Most milk kefir refers to non-vegan products, usually made from cow's or goat's milk. The SCOBY will ferment the naturally occurring lactose, meaning there is no need to add additional sugar for this process to get started. This is called 'lactic acid fermentation,' and will produce millions and billions of LAB, making it a great source of probiotics. The amount of time needed for fermentation is also much shorter than kombucha, with a typical cycle only being between 24-48hours.
These days, there's been an uptick in popularity for milk kefir of the non-dairy variety, for those who adhere to a plant-based diet. These beverages are most notably made using coconut milk, but other varieties of plant-based milks may be used as well. Since plant-based milks do not contain lactose, there is often some sugar added in the creation of these beverages, so the SCOBY has food for fermentation.
Kefir Water: The Happy Medium
Kefir water is like the middle cousin of the kombucha and milk kefir. Unlike its relatives, the origins of kefir water are relatively unknown, with different sources citing different locations and points in time for its discovery. It's made from water kefir grains (which are similar to those used in milk kefir) and sugar water.

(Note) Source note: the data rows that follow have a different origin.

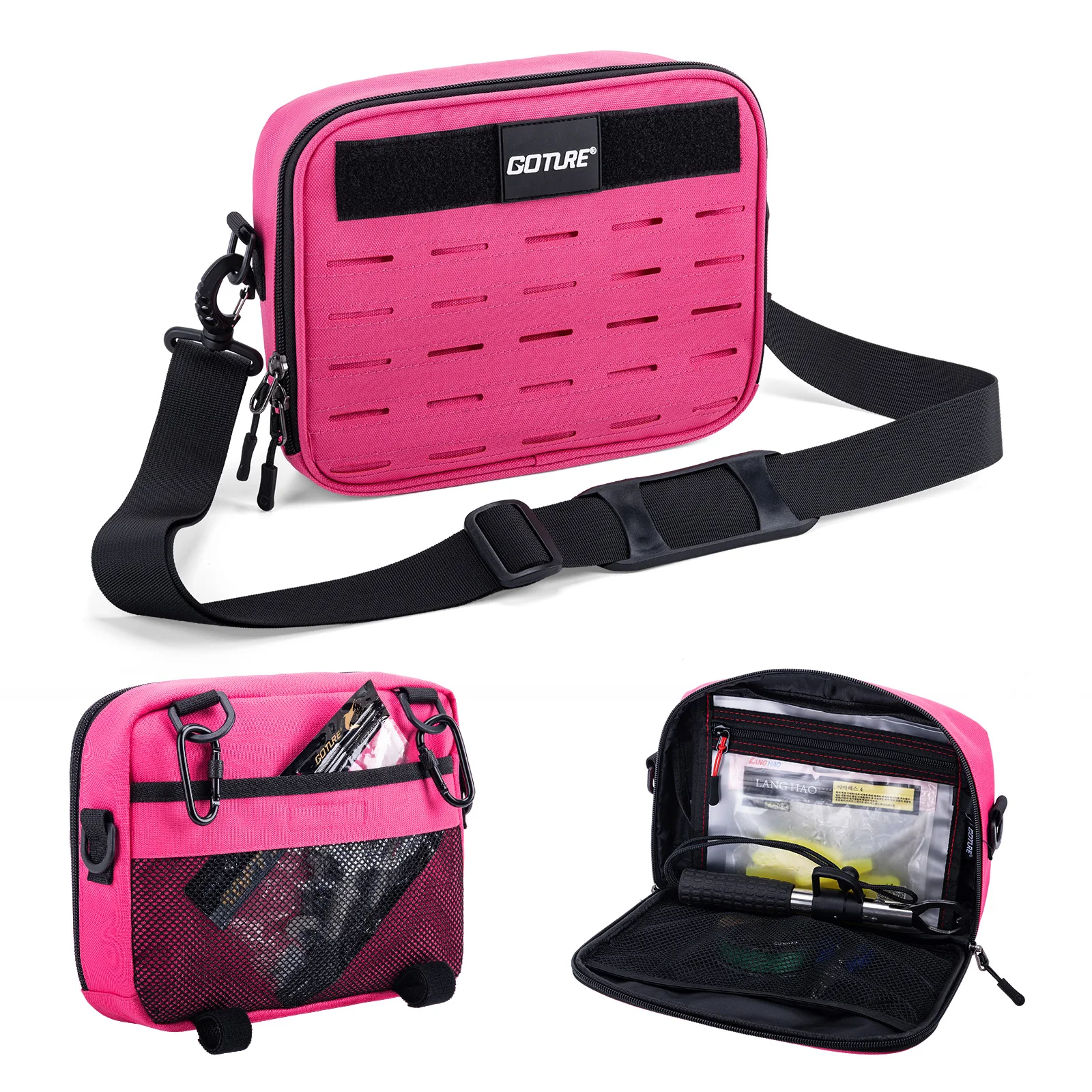 

Goture 900D Oxford Fishing Tackle Organizer Water Resistant Detachable with Bait Storage Pockets for Outdoor Fishing Trips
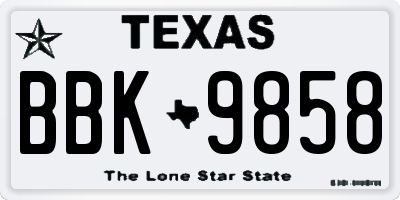 TX license plate BBK9858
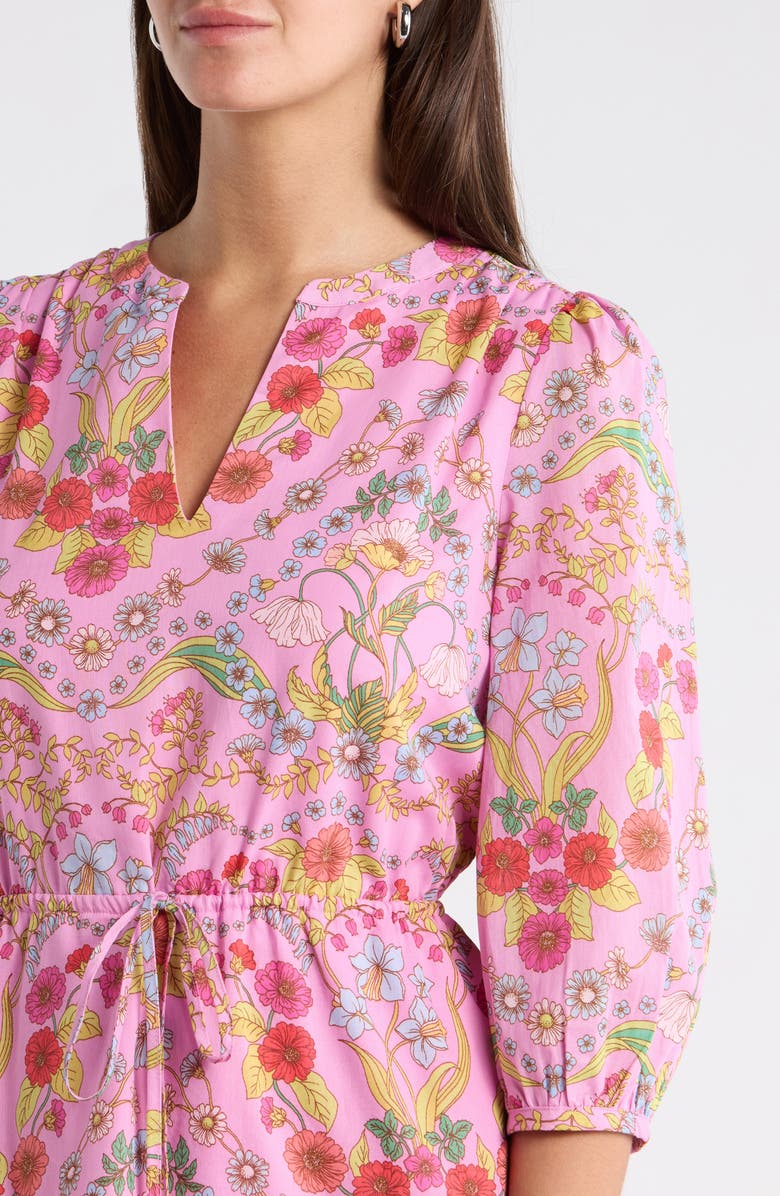 SUGARLIPS Ramsie Floral Print Minidress, Alternate, color, Cream Pink Multi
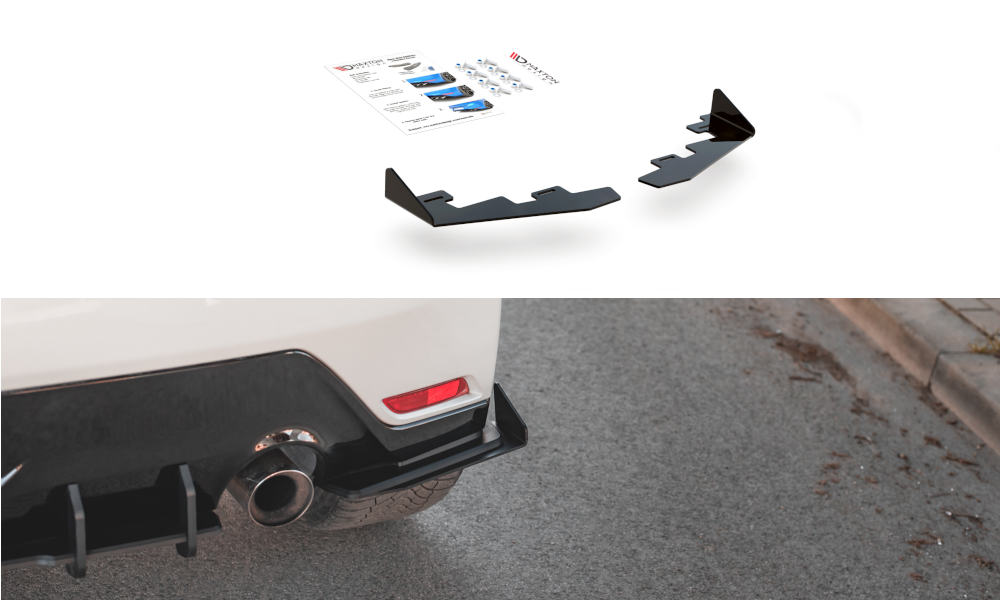 Hintere Seiten Flaps passend für Toyota GR Yaris Mk4 schwarz Hochglanz – Ansicht 2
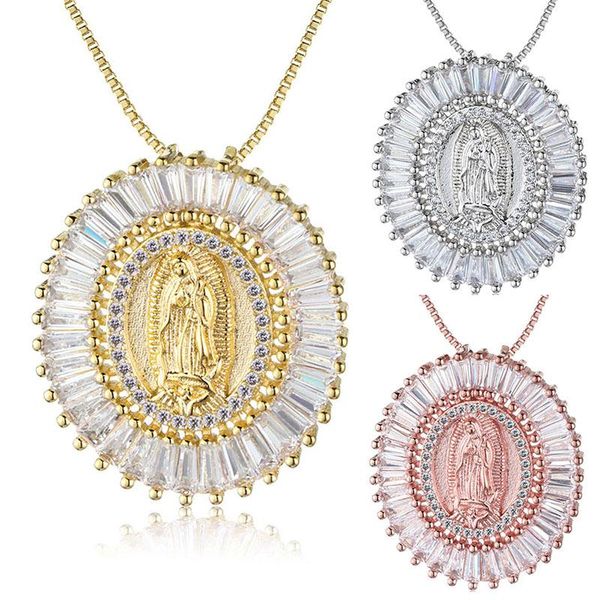 

pendant necklaces holy virgin mary our lady of guadalupe crystal zircon necklace christian clavicle chain for women jewelry, Silver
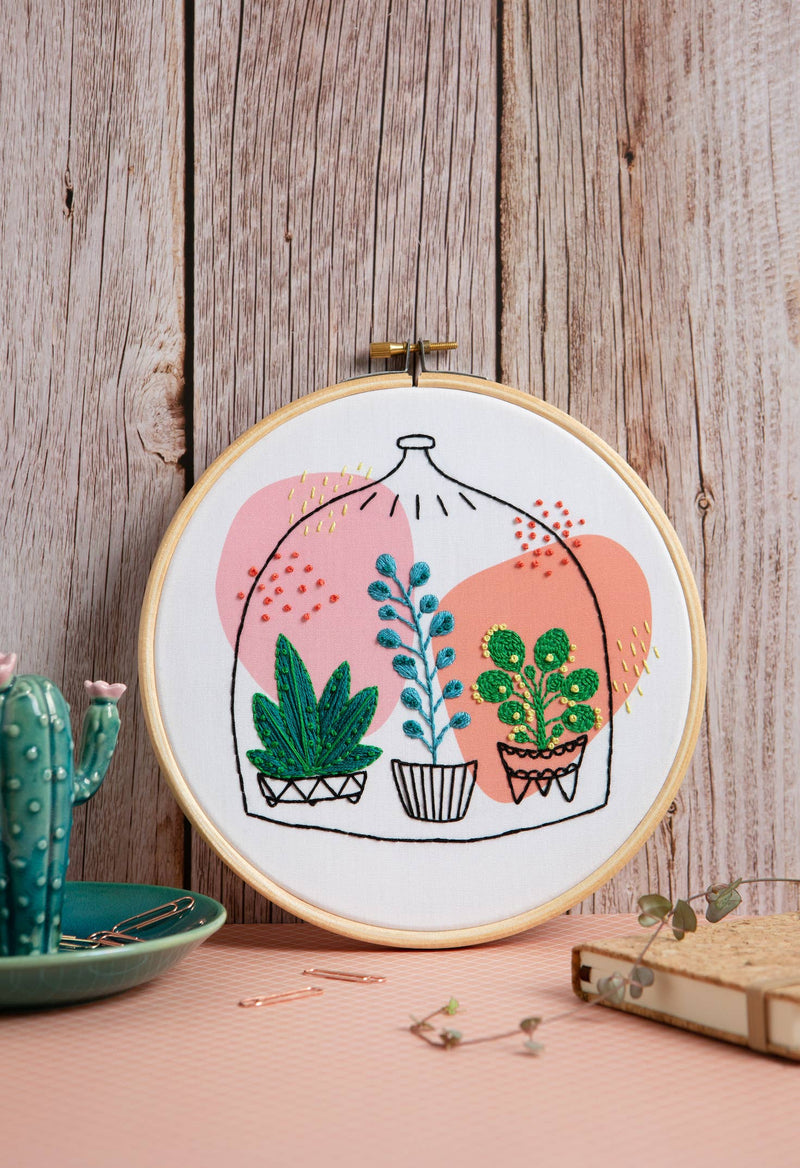 Glass Garden Embroidery Kit | Complete Craft Kit for Beginners by Hawthorn Handmade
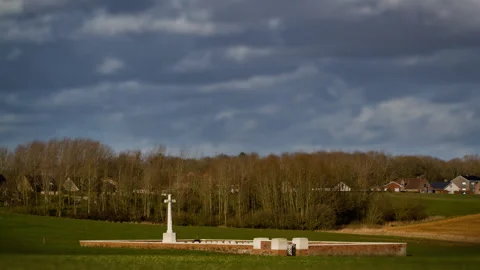 First World War timelapse: british war cemetery Stock Footage 89804370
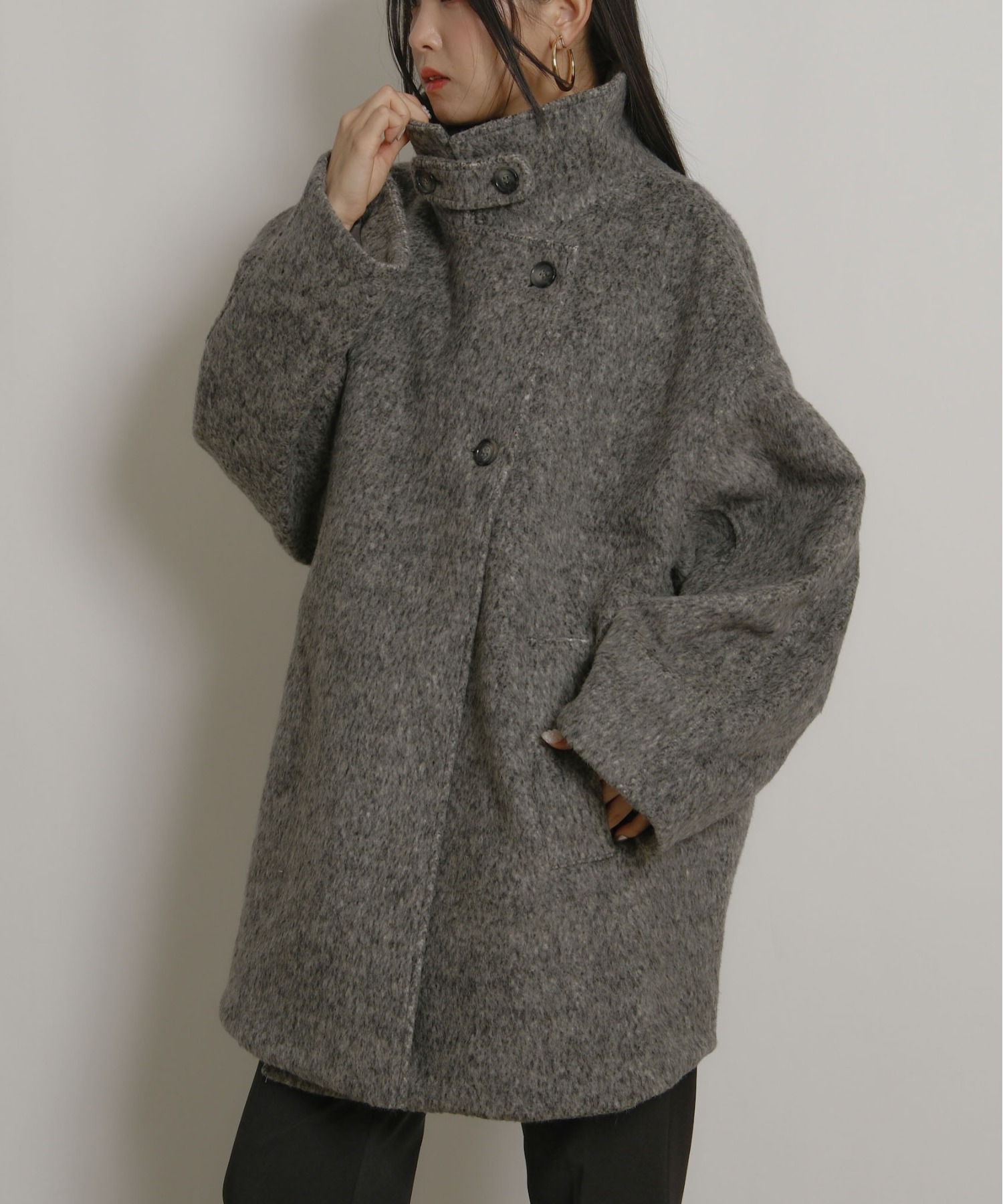 Firsthand シャギースタンドミドルコート Firsthand シャギースタンドカラーコート スタンドミドルコート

The result is a slightly fizzy, sweet drink—less tart and acidic than kombucha, and caffeine-free.
Similar to milk kefir, kefir water undergoes lactic acid fermentation, producing LABs that make it a great source of probiotics. How? The SCOBY for kefir water, while very similar to the one in milk kefir, uses sucrose instead of lactose for its fermentation (this is why sugar is needed, since water is just water). This allows similar LAB varieties to be present in kefir water, even though it is completely vegan. Fermentation is also quick like milk kefir!
Kefir water was the new kid on the block for a while, but slowly more and more types are popping up on the market. Our hope is that it one day reaches the same celebrity status as kombucha!
Which One Should You Choose?
Well, it all depends on your taste preferences and dietary restrictions! Kombucha is perfect for tea lovers who love tart flavours and could use some digestive help, and milk kefir is ideal for those who can tolerate lactose and really want to get in their probiotics. Kefir water is great for those who are dairy-free but still want to stock up their system on probiotics, have caffeine sensitivity, and prefer lighter, sweeter beverages.
Ultimately, the best way to take care of your gut is to eat and drink a wide variety of fermented foods, so why not try them all? Each fermented beverage has its very own unique ecosystem of belly-balancing bacteria and yeast that is ready to get to work on making you feel great! So, raise a glass (or a can!) and cheers to good gut health!